What is the best way to sanitize a SQL to prevent injection when using python? I'm using mysql-connector. I have read that I should use a structure similar to:
import mysql.connector
connection = mysql.connector.connect(host="", port="", user="", password="", database="")
cursor = connection.cursor( buffered = True )
sql = "INSERT INTO mytable (column1, column2) VALUES (%s, %s)"
val = (myvalue1, myvalue2)
cursor.execute(sql, val)
connection.commit()
However, I don't understand why this can prevent an injection. Is this sufficient? A user could introduce me anything on myvalue1 or myvalue2, even if it is not suposed to. Is there any useful library?
SQL injection works when untrusted input is interpolated into an SQL query and the input contains characters that change the syntax of the query.
Query parameters are kept separate from the SQL query, never interpolated into it. The values of the parameters are combined with the SQL query after it is parsed, so there is no longer any opportunity to change the syntax. The parameter is guaranteed to be treated as a single scalar value (i.e. as if it's just a string literal in an SQL expression).
This is the way the Python connector works if you use the MySQLCursorPrepared
cursor subclass. See https://dev.mysql.com/doc/connector-python/en/connector-python-api-mysqlcursorprepared.html
Otherwise, the Python connector "simulates" prepared queries. It actually does interpolate parameters into the SQL query before it is parsed, but it does so safely, by escaping special characters that would cause SQL injection. It is well-tested so it's reliable.
Both cursor types are used the same way, passing an SQL query string with %s
placeholders, and another argument with a tuple of parameter values.

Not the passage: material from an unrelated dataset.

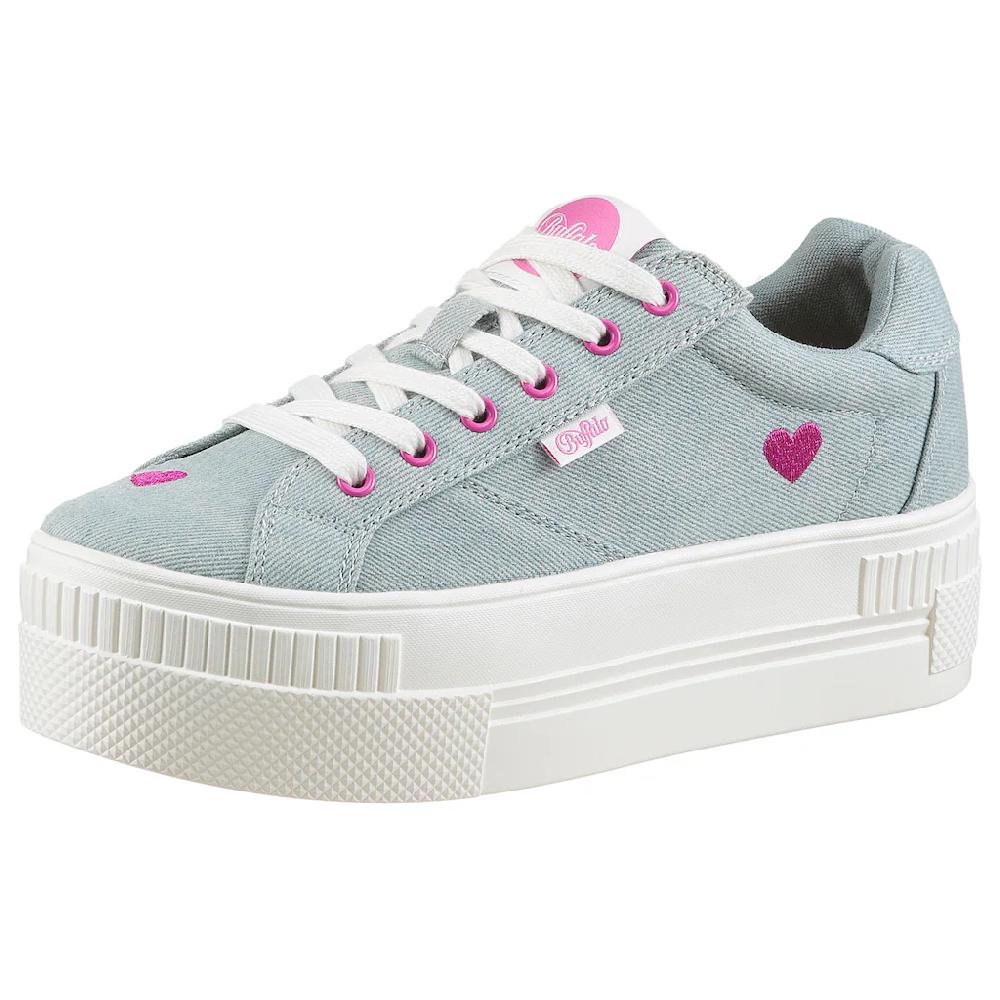 Buffalo Plateausneaker »PAIRED HEART« Schnürschuh Halbschuh Freizeitschuh mit Herz-Stickerei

You are using it correctly.
Re comment from @Learningfrommasters:
Yes, a string stored in your database can be used unsafely in another SQL query, and cause SQL injection. Some people think that only user input must be treated safely, but this is not true. Any variable should be treated as a query parameter, whether the value for that variable comes from user input, or read from a file, or even pulled out of your own database.
Example: Suppose my name is Bill O'Karwin. It has an apostrophe in it, which you know is a special character to SQL because it terminates a string literal.
If my name were stored in the database and then fetched into an application into a variable userlastname
, then I could search for other people with the same last name:
sql = f"SELECT * FROM Users WHERE lastname = '{userlastname}'"
That is unsafe because the apostrophe would cause SQL injection. Even though the value didn't come directly from user input, it came from my own database.
So use parameters for all variables. Then you don't have to think about whether the source is safe or not.
sql = "SELECT * FROM Users WHERE lastname = %s"
cur.execute(sql, (userlastname,))